Application: Weathervane Internal Build 084.
Testing Methodology:
All instances were run within the same cloud environment to reduce network-induced latencies. We started with a base configuration consisting of eight instances. We then scaled out the number of workload drivers and application servers in an effort to identify how a cloud environment scaled as application workload needs increased. We used Weathervane’s FindMax functionality which runs a series of tests to determine the maximum number of users the configuration can sustain while still meeting QoS requirements. It should be noted that the early experimentation allowed us to identify the maximum needs for the other services beyond the workload drivers and application servers to reduce the likelihood of bottlenecks in these services. Below is a block diagram of the configurations used for the scaled-out Weathervane deployment.
Results:
For our analysis of Weathervane cloud scaling we ran multiple iterations for each scale load level and selected the average. We automated the process to ensure consistency. Our results show both the number of users sustained as well as the http requests per second as reported by the benchmark harness.

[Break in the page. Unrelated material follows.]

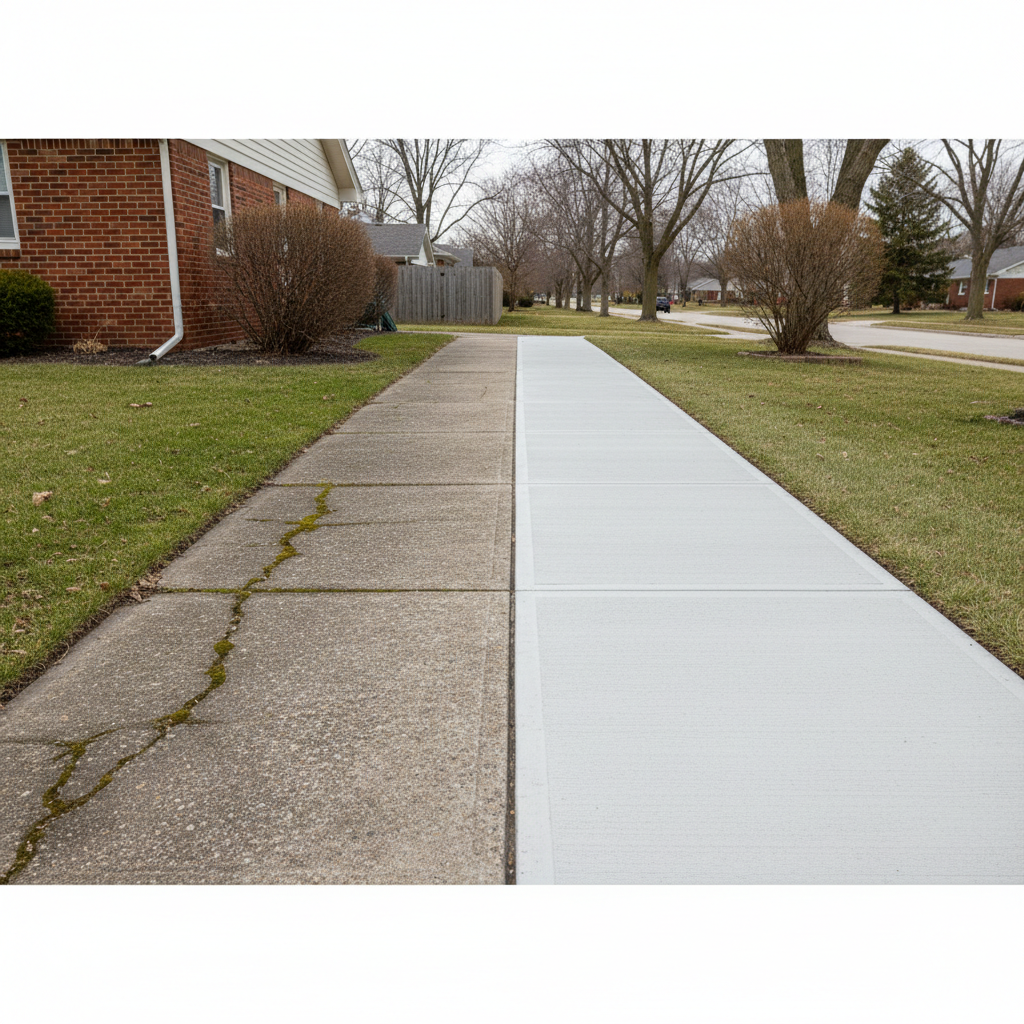 Completed concrete sidewalks work at a residential property in Waukegan, IL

As you can see in the above graph, for our cloud environment running Weathervane, scaling the number of applications servers yielded nearly linear scaling up to five application servers. The delta in scaling between the number of users and the http requests per second sustained was less than 1%. Due to time constraints we were unable to test beyond five application servers but we expect that the scaling would have continued upwards well beyond the load levels presented.
Although just a small sample of what Weathervane and cloud environments can scale to, this brief article highlights both the benchmark and cloud environment scaling. Though Weathervane hasn’t been released publicly yet, it’s easy to see how this type of controlled, scalable benchmark will assist in performance evaluations of a diverse set of environments. Look for more Weathervane based cloud performance analysis in the future.